What to do ->
Look for the line containing "Stunning, Brand New" and the line containing "Hoka One One" in the entries below. Copy those two and all lines between them exactly, leaving out pictures.

Materials provided ->
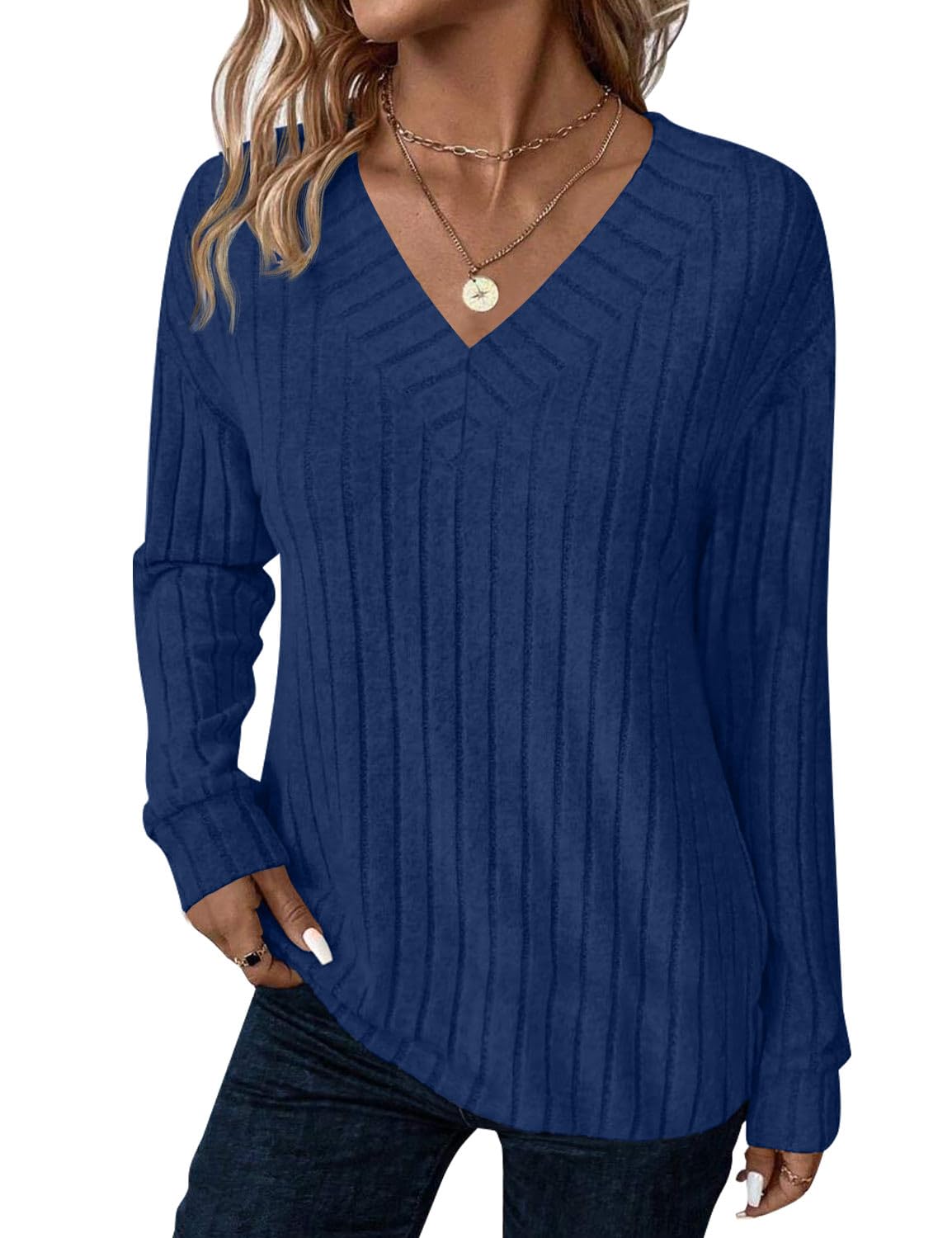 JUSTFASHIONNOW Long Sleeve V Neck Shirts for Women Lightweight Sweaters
* * *
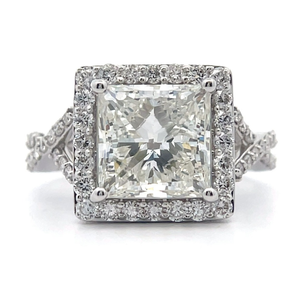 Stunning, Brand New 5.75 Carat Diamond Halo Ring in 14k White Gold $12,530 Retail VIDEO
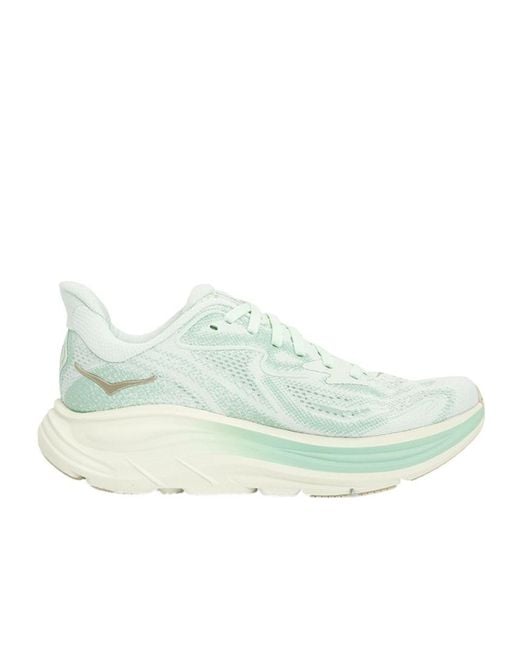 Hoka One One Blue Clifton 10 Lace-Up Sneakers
* * *
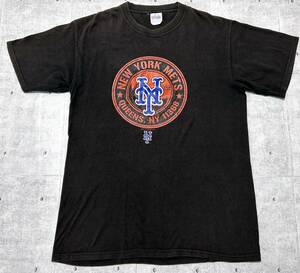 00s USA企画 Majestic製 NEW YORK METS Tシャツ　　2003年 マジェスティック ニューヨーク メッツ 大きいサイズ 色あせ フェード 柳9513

Solution below ->
 Stunning, Brand New 5.75 Carat Diamond Halo Ring in 14k White Gold $12,530 Retail VIDEO
 Hoka One One Blue Clifton 10 Lace-Up Sneakers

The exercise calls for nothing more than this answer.